- Given material:
· · · · ·
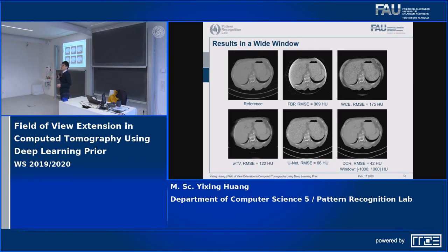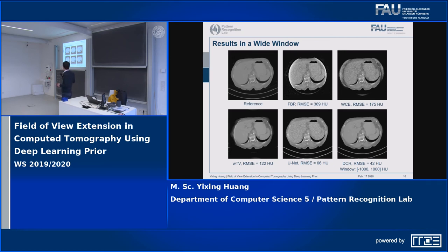Here are results for one example slice. This is the reference image, this is the FBP reconstruction, and this is the WCE reconstruction. The WTV reconstruction shows that the structures inside the FOV are reconstructed very well; however, the structures outside the FOV are not reconstructed. The U-Net is able to restore the anatomical structures outside the FOV — the outline looks very good — however, because it is sensitive to noise, it still suffers from Poisson noise.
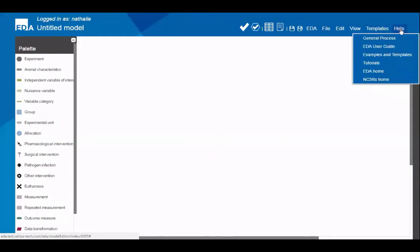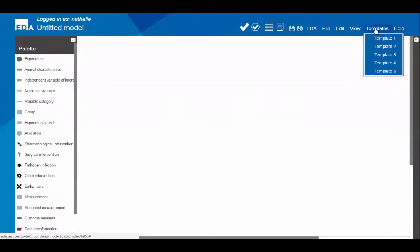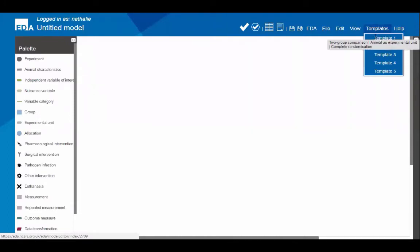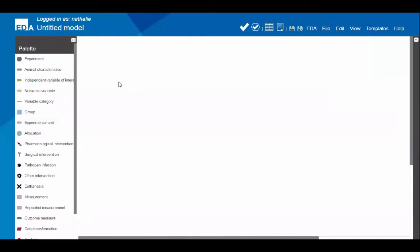In the help menu you can also find the user guide, which sends you back to the website for a complete guide. You can access examples and video tutorials from the help menu as well. You can also load a template directly onto a blank canvas — hovering over the different templates gives a brief description, such as a two-group comparison or a crossover design. For the purpose of the demonstration, I'm going to start by drawing a diagram from scratch, but if you've never used it before, I highly recommend studying the examples and starting with a template.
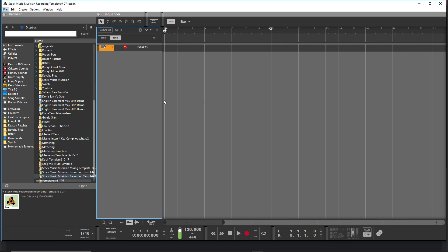So with that said, how do you get to your templates? Well, there's two different ways of doing it in Reason. First of all, you have your default template which shows up when you automatically open Reason, and this can be really helpful to set up.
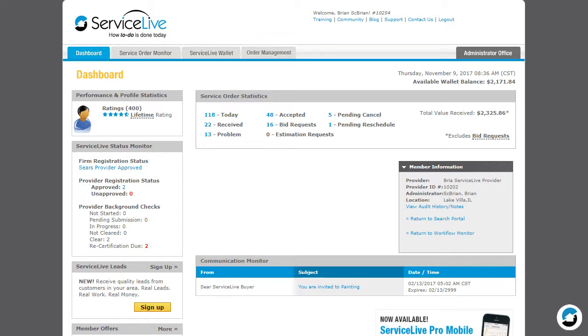By updating the provider to an inactive status, they will not receive orders through ServiceLive.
· · · · ·
- Task requirements:
Pictures aside, return all of the material exactly as written.

- Task output:
Here are results for one example slice. This is the reference image, this is the FBP reconstruction, and this is the WCE reconstruction. The WTV reconstruction shows that the structures inside the FOV are reconstructed very well; however, the structures outside the FOV are not reconstructed. The U-Net is able to restore the anatomical structures outside the FOV — the outline looks very good — however, because it is sensitive to noise, it still suffers from Poisson noise.
In the help menu you can also find the user guide, which sends you back to the website for a complete guide. You can access examples and video tutorials from the help menu as well. You can also load a template directly onto a blank canvas — hovering over the different templates gives a brief description, such as a two-group comparison or a crossover design. For the purpose of the demonstration, I'm going to start by drawing a diagram from scratch, but if you've never used it before, I highly recommend studying the examples and starting with a template.
So with that said, how do you get to your templates? Well, there's two different ways of doing it in Reason. First of all, you have your default template which shows up when you automatically open Reason, and this can be really helpful to set up.
By updating the provider to an inactive status, they will not receive orders through ServiceLive.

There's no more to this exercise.